Tottenham's Vuskovic Dilemma: De Zerbi's Rebuild Challenges
Tottenham are backing Roberto De Zerbi with hard cash and hard choices. The clearest sign? A £52m deal for Jan Paul van Hecke – and a full-blown dilemma over Luka Vuskovic.
A £35m talent who doesn’t want to wait
Vuskovic is 19, highly rated across Europe and fresh from an eye-catching loan at Hamburg, where he looked every inch one of the continent’s standout young centre-backs. He wants the next step now: a starting role, a proper career, not another suitcase season.
He has made that stance clear. No more loans.
Brighton tested Tottenham’s resolve twice, the latest offer hitting £35m. Spurs said no. For now, that shuts the door on a permanent exit to a club ready to hand him the minutes he craves.
The twist? Brighton are about to send Van Hecke the other way for £52m and, for the moment, have stepped back from the Vuskovic chase. They will not immediately return with a higher bid.
So Vuskovic waits. And watches his path at Spurs narrow.
Fifth in line and no appetite for a loan
On paper, next season looks unforgiving for the Croatian. Van Hecke is coming. Marcos Senesi is already through the door. If Micky van de Ven and Cristian Romero stay, Vuskovic drops to fifth choice in the centre-back queue.

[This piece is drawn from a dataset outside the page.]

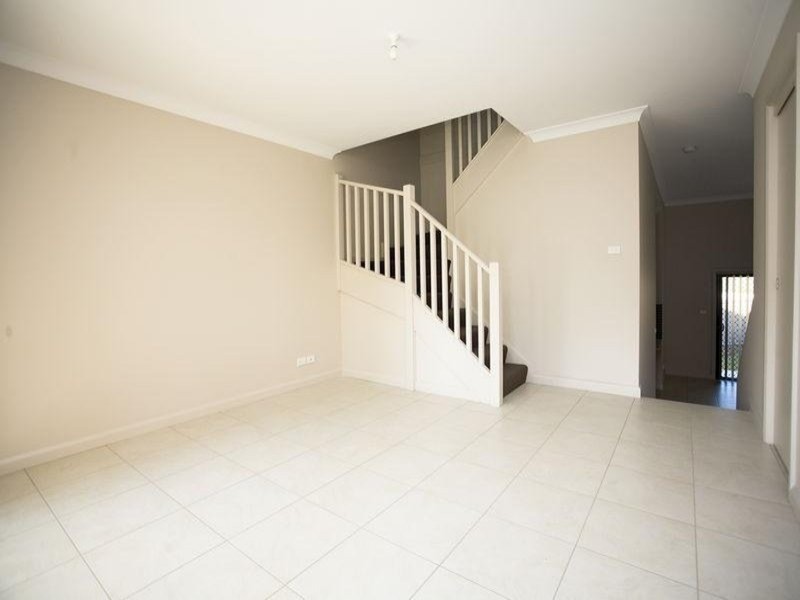 2/6-10 Kendall Drive, Casula NSW 2170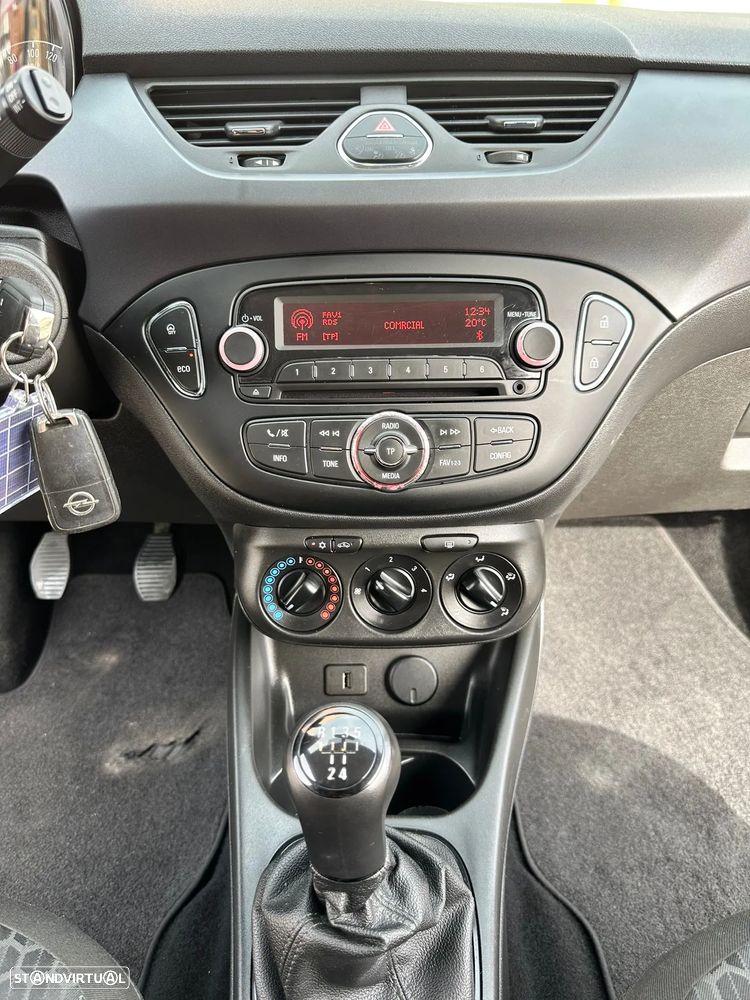 Opel Corsa E Van - 11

Inside the club, there is genuine belief that he can grow into one of the best defenders in the world. That’s the level they see in him. But they also see the gap between potential and Premier League readiness.
The comparison with William Saliba is unavoidable. Arsenal parked Saliba on three separate loans in Ligue 1 before finally unleashing him in north London. The payoff is obvious now: one of the league’s elite defenders, honed away from the spotlight.
Tottenham would love to follow a similar path with Vuskovic. They agree with Croatia boss Zlatko Dalic on one crucial point: he must play regularly. Their solution is simple – another loan. His is simpler still – no.
That stand-off sits right at the heart of this story.
Brighton can offer minutes, not a blank cheque
Brighton, typically shrewd in the market, are the one club in this saga that can actually give Vuskovic what he wants: a starting role in a system that suits young, progressive defenders.
But there is a line they will not cross. They do not want to overpay.
From their side, the logic is clear. They are already about to bank a huge profit on Van Hecke, who cost £1.8m from NAC Breda in 2020 and now goes for around £52m, with a 20 per cent sell-on clause stitched into the deal. That is classic Brighton business: buy smart, develop, sell big, protect the upside.
To then plough an inflated fee straight back into Vuskovic would cut against that model. So they pause. Spurs hold. The teenager sits in the middle, with a career-defining decision hovering over him and no obvious compromise in sight.
This one could drag.
Van Hecke: De Zerbi gets “his” defender
While the Vuskovic situation stalls, the Van Hecke deal surges ahead – and it says everything about Tottenham’s new direction.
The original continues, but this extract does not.